В свете этого письма по-другому начинают восприниматься некоторые поэтические детали из сибирского пейзажа, например такая: «А дикие утки точно смеются и огромными стаями носятся над головой». Письмо Григоровичу обращает внимание на «характерный симптом карелинского кошмара» – «смех в окнах вагона»: «Когда во сне ощущаешь давление злой воли, неминуемую погибель от этой воли, то всегда приходится видеть что-нибудь вроде подобного смеха» (Там же). Таким образом, характерный чеховский антропоморфизм (утки, которые «точно смеются») приобретает угрожающие коннотации и подспудно вводит тему «неминуемой гибели»[94]
.Увязывается эта тема и с мотивом холода. То, что в сибирских письмах Чехова холод как фактор климата упоминается неоднократно, – конечно, не удивительно[95]
. Но чувствуется в них и присутствие другого, «кошмарного» холода, описанного в письме Григоровичу, того, что «немыслим наяву и ощущается только спящими», а кроме того, устойчиво ассоциируется со смертью (Чехов неспроста ссылается на место в «Сне Карелина», где говорится о «холоде и одиночестве могилы»). Опять-таки, обращаясь к эпистолярию Чехова в целом, можно сказать, что традиционная связь между холодом / сыростью и смертью получила у него индивидуальную разработку. Достаточно перечитать посвященное смерти брата, Николая, письмо Плещееву от 26 июня 1889 года:В наказание за то, что я уехал, всю дорогу дул такой холодный ветер и небо было такое хмурое, что хоть тундрам впору. На половине дороги полил дождь. Приехали к Смагиным ночью, мокрые, холодные, легли спать в холодные постели, уснули под шум холодного дождя. Утром была все та же возмутительная вологодская погода; во всю жизнь не забыть мне ни грязной дороги, ни серого неба, ни слез на деревьях; говорю – не забыть, потому что утром приехал из Миргорода мужичонко и привез мокрую телеграмму: «Коля скончался» (П 3: 227).
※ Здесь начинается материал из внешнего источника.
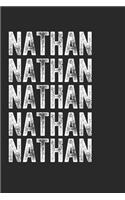 Name NATHAN Journal Customized Gift For NATHAN A beautiful personalized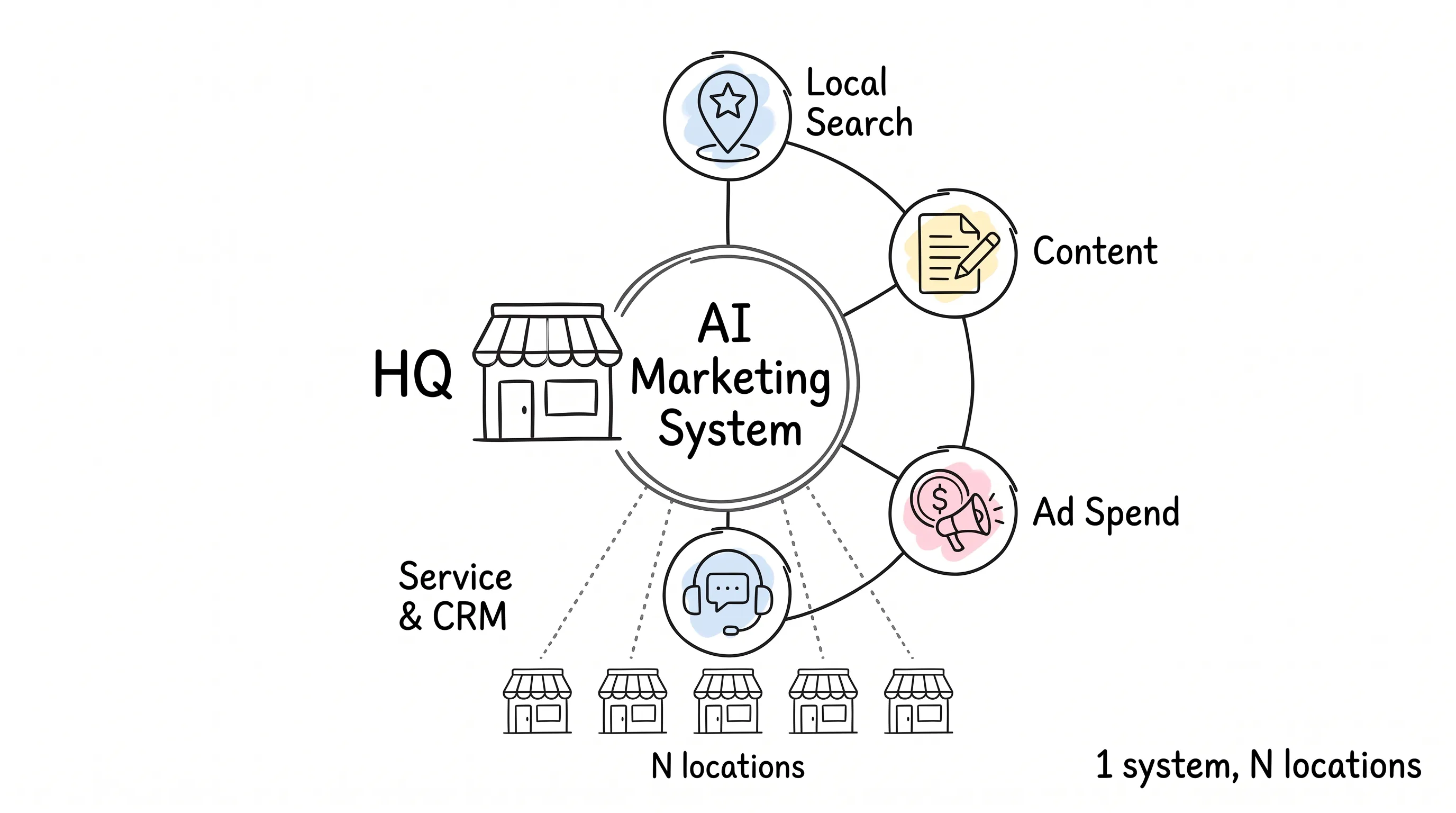 One AI marketing system at HQ connecting local search, content, ad spend, and service & CRM across N store locations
«Легли спать в холодные постели» в этом контексте звучит так, как будто Чехов и его спутники сами приобщаются к смерти. Смерть вырастает из состояния холода и становится неизбежным следствием этого состояния. Кажется, что будь погода иной, Николай бы не умер. Обратим также внимание на связку («мокрые» путники – слезы на деревьях – «мокрая» телеграмма), которая стирает границу между человеческим и природным, внутренним и внешним.
Символизм холода становится более отчетливым при описании обратной дороги: «В Ромнах ждал я с 7 часов вечера до 2 ч<асов> ночи. От скуки пошел шататься по городу. Помню, сижу в саду; темно, холодище страшный, скука аспидская, а за бурой стеною, около которой я сижу, актеры репетируют какую-то мелодраму» (Там же). Используя формулировку Ю. И. Айхенвальда из статьи, посвященной чеховскому эпистолярию, приведенный фрагмент можно назвать «законченным художественным произведением в нескольких строках» [Айхенвальд 1915: 28]. Подобно любому чеховскому произведению, оно сопротивляется однозначной интерпретации. С одной стороны, очевидный контраст между переживаемой в реальной жизни трагедией и «какой-то мелодрамой», которую в это время репетируют за «бурой» стеной. С другой – описание обстановки («темно, холодище страшный, скука аспидская») придает изображаемому непреходящий, универсальный и вместе с тем зловещий характер (не забудем, что скука – аспидская). На таком фоне человеческая жизнь в целом – не более чем «какая-то мелодрама», разыгрываемая провинциальным театром.